The recipients of the award are otherwise highly decorated: 21 of the first 36 are recipients of the AICPA's highest honor, its Gold Medal award; 15 received the Alpha Kappa Psi Accounting Foundation Award; at least 15 received honorary degrees, one was knighted in England; and one received "the highest honor the U.S. federal government can bestow upon a career civilian employee, the President's Award for Distinguished Federal Civilian Service."

In a keynote speech at the 50th anniversary of the Hall of Fame, hosted by the Ohio State University and the Academy of Accounting Historians, Lynn Turner, then chief accountant of the United States Securities and Exchange Commission (Washington D.C.), noted the influence of George O. May and numerous other recipients upon the evolution of accounting and auditing practice and principles "that makes our system of accounting the greatest in the world".

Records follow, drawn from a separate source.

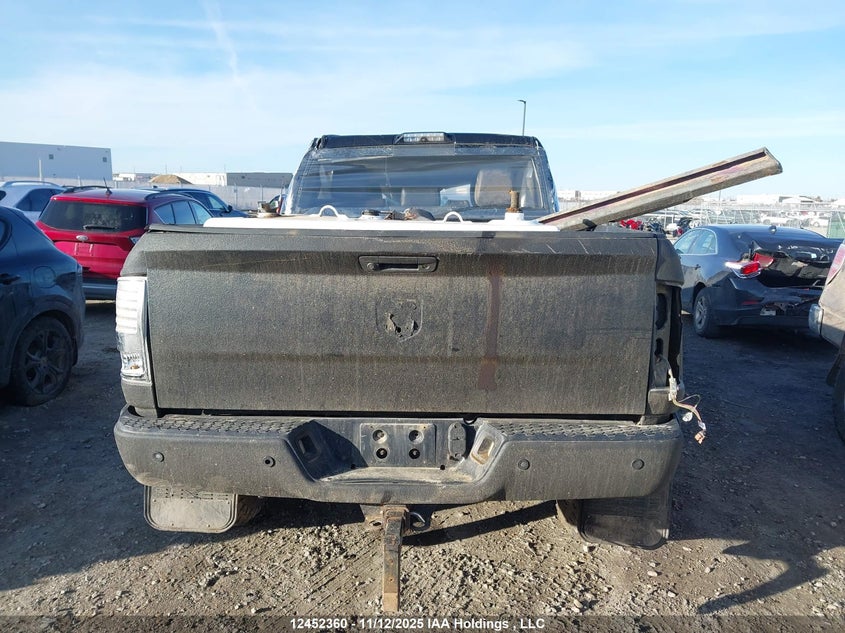 3C63R3ML1FG644725 2015 RAM 3500 photo no. 17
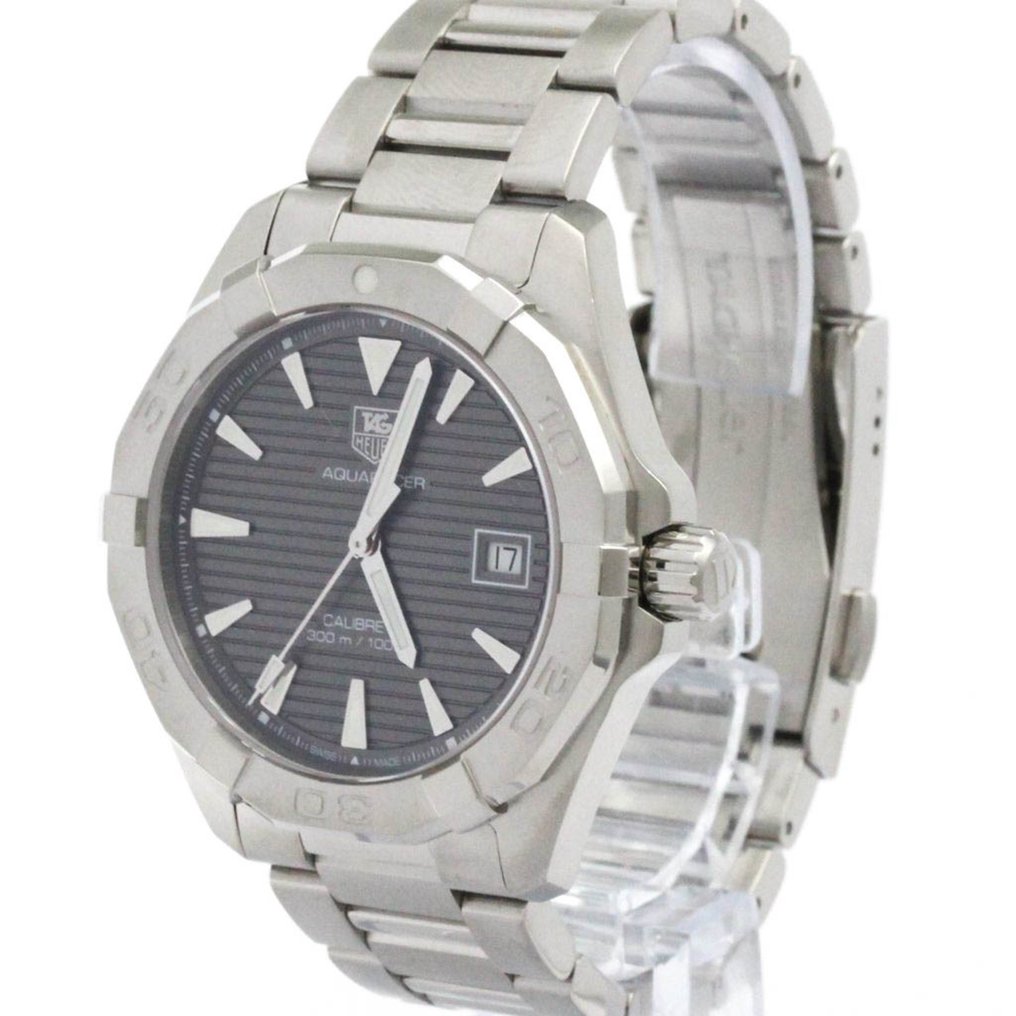 TAG Heuer - Aquaracer - WAY2113 - Herren - 2020 und ff. #1.0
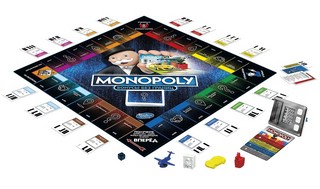 Настольная игра Монополия 'Бонусы без Границ', Monopoly 2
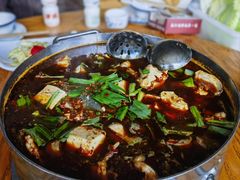 -江龙饭店·乌江豆腐鱼(乌江老桥头店)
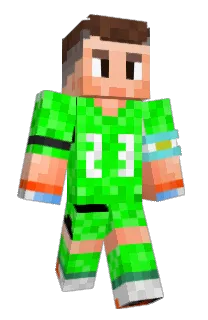 Front of AdvNeo's skin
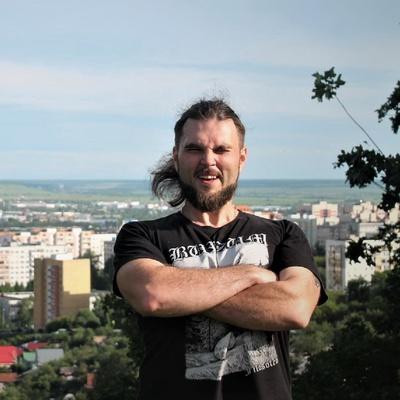 Михаил Преображенский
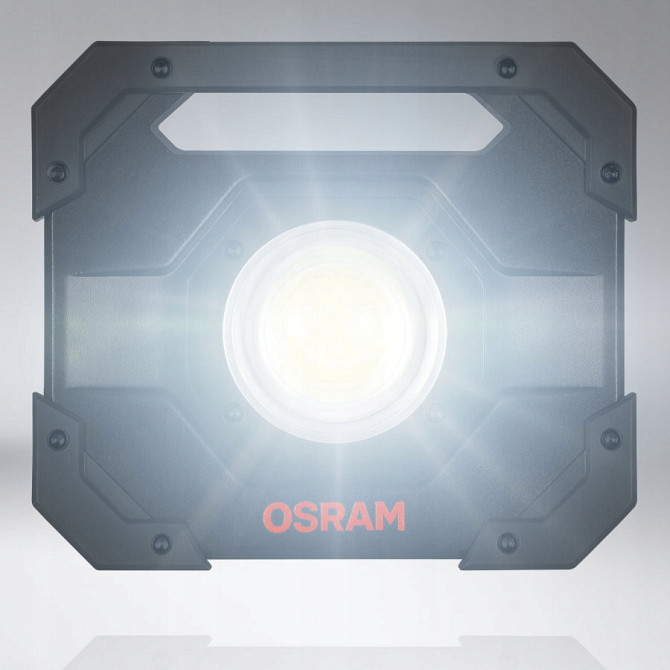Универсальный Led Прожектор фонарь (Powerbank) 2000 люмен Osram (LEDinspect Basic) Нововолынск - изображение 6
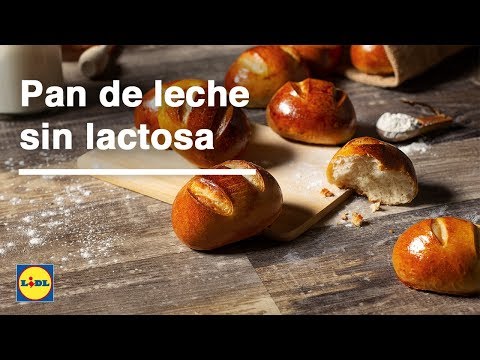 Receta de Pan de Leche Sin Lactosa desde 0,06€ por ración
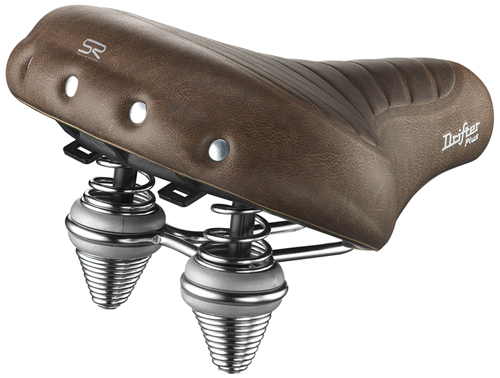 Selle Royal Drifter Sattel-Tour/City/Cruiser Relax - Selle Royal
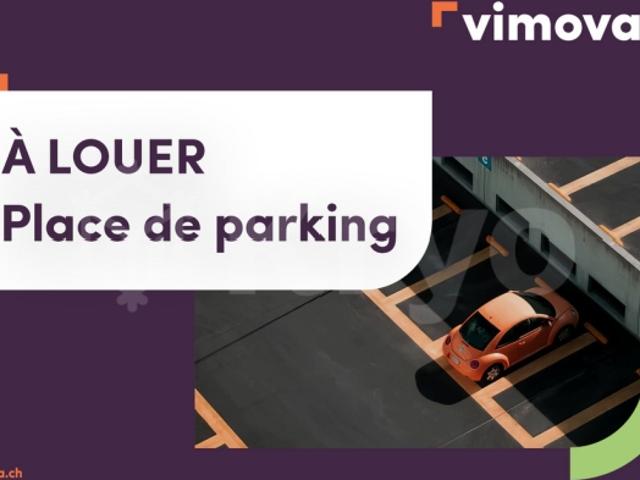 Garage mieten in Chamblon, Waadt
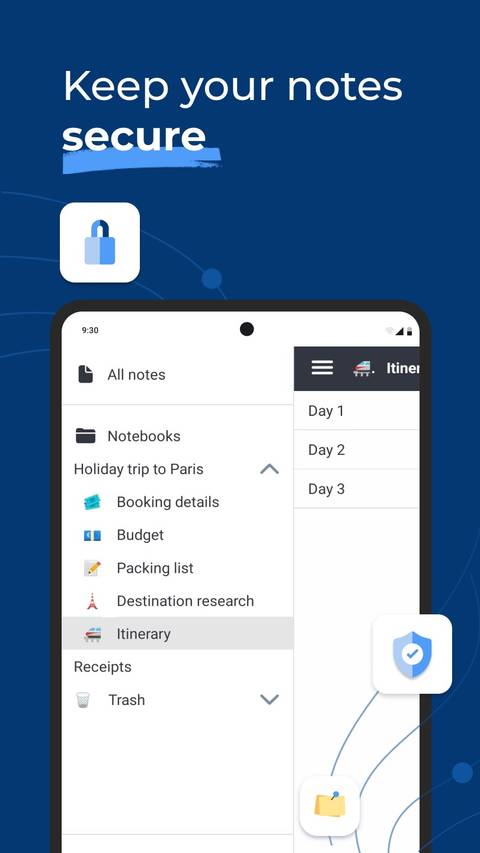 6 تطبيقات Android مفتوحة المصدر تثبت أنه لا ينبغي لأحد أن يدفع مقابل الاشتراكات 1 القائمة الرئيسية في جوبلين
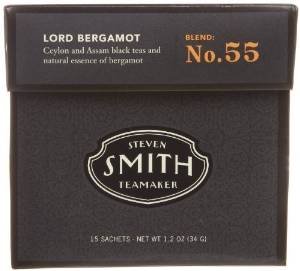 Smith Tea, Lord Bergamot, 15-Count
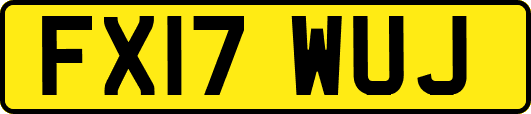 FX17WUJ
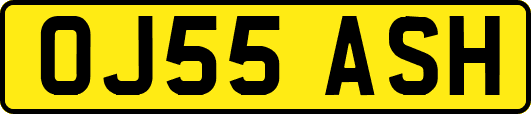 OJ55ASH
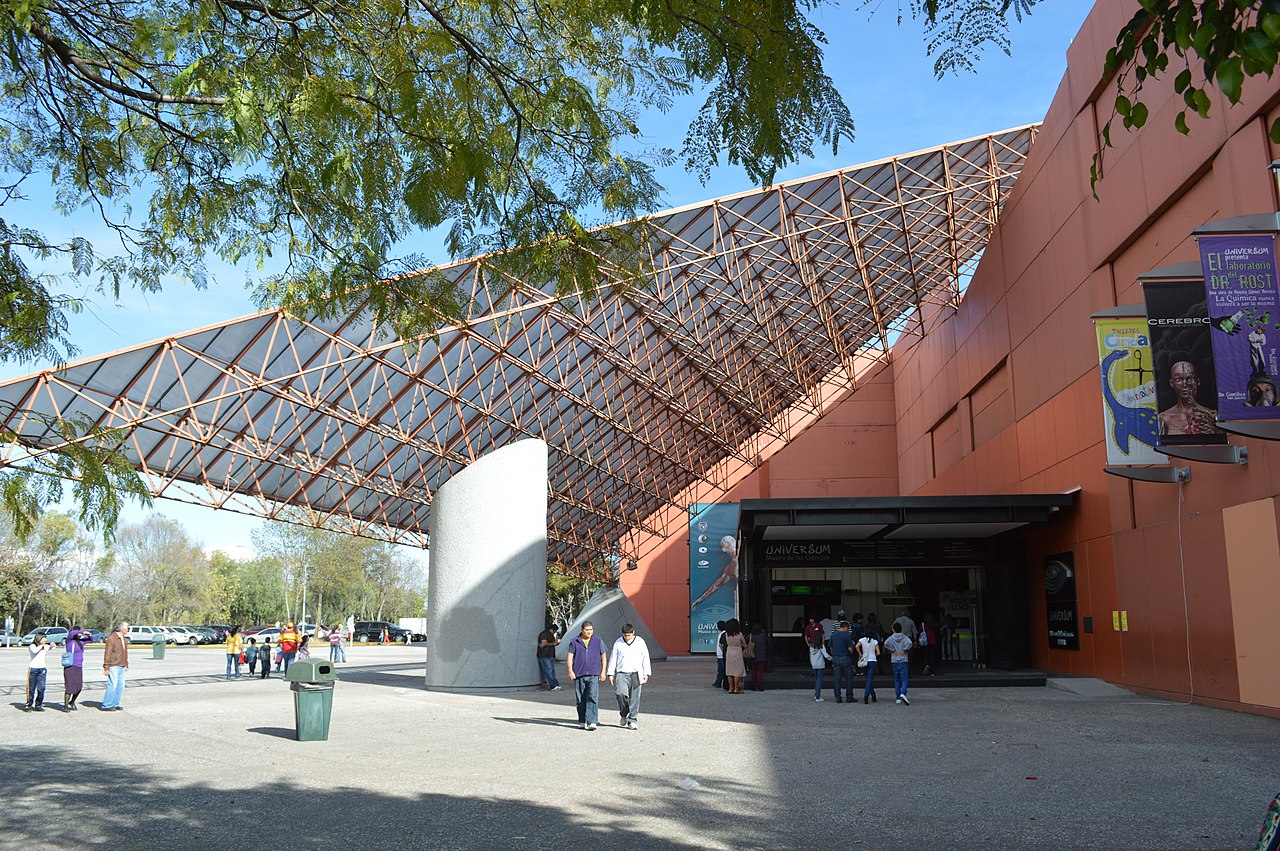 Universum, Museo De Las Ciencias | Guiajero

The award has always been intended to honor world-level contributions. The majority of recipients have been Americans, perhaps reflecting the historic leadership of America in the development of accounting regulations and in formal accounting research as much as reflecting the U.S.-based hosting of the award. Accounting standards co-evolved with the New York Stock Exchange and other public financial markets, which have a scale and history in the U.S. not matched by public markets in most other countries. Englishman Sir Arthur Lowes Dickinson was one of the earliest inductees, honored in 1951 for establishing principles of consolidated accounting for conglomerate companies such as U.S. Steel while he was senior partner of Price-Waterhouse in the U.S. from 1901 to 1913. The first Canadian inducted was Howard Irwin Ross in 1977. The first woman inducted was Katherine Schipper in 2007.

==Inductees==
As of 2026, there are 128 inducted members of the Accounting Hall of Fame: Click the asterisk by each member's name to go to the American Accounting Association's website and learn more about them.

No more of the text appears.